Nordic Languages

N-1 (T, 3:30-5:00pm) Bayleys Baroney - ALL
Nordic Division Annual Meeting
Edith M. Matteson, administrator, ATA Nordic Division, Ballwin, Missouri

Agenda includes: 1) election of officers; 2) newsletter discussion, subscriptions?, advertising?; 3) Danish distance learning classes; 4) 1999 summer classes in Denmark; and 5) announcements, etc.

N-2 (S, 3:30-4:15pm) Leamington B - ALL
Translating Finnish>English for a Novel: Problems of Translation in the Creation of a Fictionalized Biography of Pentti Saarikoski

Douglas Robinson, professor of English, University of Mississippi, University, Mississippi

Most translation is done for a client of some sort, whether a direct client, an agency, or a publisher. Scholars writing in one language about a topic whose primary and/or secondary literature is entirely or largely in another language often do a great deal of translating as well, of a rather different sort. What happens, however, when one translates for a novel one is writing? What canons of acceptability or adequacy apply then? I am currently engaged in writing a fictionalized biography of the Finnish poet and translator Pentti Saarikoski (1937-1983), and am doing enormous quantities of translating in the process. The paper will deal in general with these problems, eliciting suggestions from the audience, and will present specific Finnish>English translation problems for audience discussion.

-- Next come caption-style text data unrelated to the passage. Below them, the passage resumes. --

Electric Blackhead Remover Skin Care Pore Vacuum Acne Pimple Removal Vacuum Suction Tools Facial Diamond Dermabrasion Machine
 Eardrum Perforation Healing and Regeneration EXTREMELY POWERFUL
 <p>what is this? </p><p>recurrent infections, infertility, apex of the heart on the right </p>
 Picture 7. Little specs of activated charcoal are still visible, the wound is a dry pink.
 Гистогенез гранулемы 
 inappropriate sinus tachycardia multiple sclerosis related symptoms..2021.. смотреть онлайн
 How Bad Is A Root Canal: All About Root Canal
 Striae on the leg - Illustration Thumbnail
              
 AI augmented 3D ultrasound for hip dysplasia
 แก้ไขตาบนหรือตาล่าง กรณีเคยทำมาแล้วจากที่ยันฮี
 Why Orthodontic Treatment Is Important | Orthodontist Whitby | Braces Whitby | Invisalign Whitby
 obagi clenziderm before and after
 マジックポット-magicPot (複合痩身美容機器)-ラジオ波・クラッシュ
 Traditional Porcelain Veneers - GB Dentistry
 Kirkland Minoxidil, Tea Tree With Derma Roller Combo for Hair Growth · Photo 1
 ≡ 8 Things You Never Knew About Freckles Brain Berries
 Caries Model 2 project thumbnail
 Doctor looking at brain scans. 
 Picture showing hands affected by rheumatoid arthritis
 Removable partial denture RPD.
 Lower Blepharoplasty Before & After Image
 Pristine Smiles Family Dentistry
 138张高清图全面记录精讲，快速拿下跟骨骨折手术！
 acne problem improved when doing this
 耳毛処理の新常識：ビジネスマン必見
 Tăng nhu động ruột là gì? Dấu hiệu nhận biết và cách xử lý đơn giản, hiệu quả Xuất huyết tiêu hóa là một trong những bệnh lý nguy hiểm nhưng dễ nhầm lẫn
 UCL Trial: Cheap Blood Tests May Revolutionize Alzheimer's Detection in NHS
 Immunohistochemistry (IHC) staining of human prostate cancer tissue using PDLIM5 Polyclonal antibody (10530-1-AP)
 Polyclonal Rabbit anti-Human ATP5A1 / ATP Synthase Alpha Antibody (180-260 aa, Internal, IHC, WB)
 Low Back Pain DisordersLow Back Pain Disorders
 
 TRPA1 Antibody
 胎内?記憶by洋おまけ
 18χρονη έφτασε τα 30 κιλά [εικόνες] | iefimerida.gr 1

(S, 4:15-5:00pm) Leamington B - ALL
Markedness Insights from American English and British English Translations of the Finnish Seitsemän veljestä (Seven Brothers)

Melvin J. Luthy, professor of linguistics, Brigham Young University, Provo, Utah

A recently computerized version of the Finnish novel Seitsemän veljestä has expedited a study of how various forms of negation, including emphatic particles, tend to be translated into American English in contrast with British English. Although differing in degree, both translations tend to express some negative Finnish conjugations with positive conjugations in English. The reverse, i.e., translating a positive conjugation as negative one, never occurs. While some of these differences may be attributed to the translators' idiosyncracies, this paper claims that they are better explained by the linguistic concept of markedness, which also predicts similar changes in languages over time. Other related issues are treated.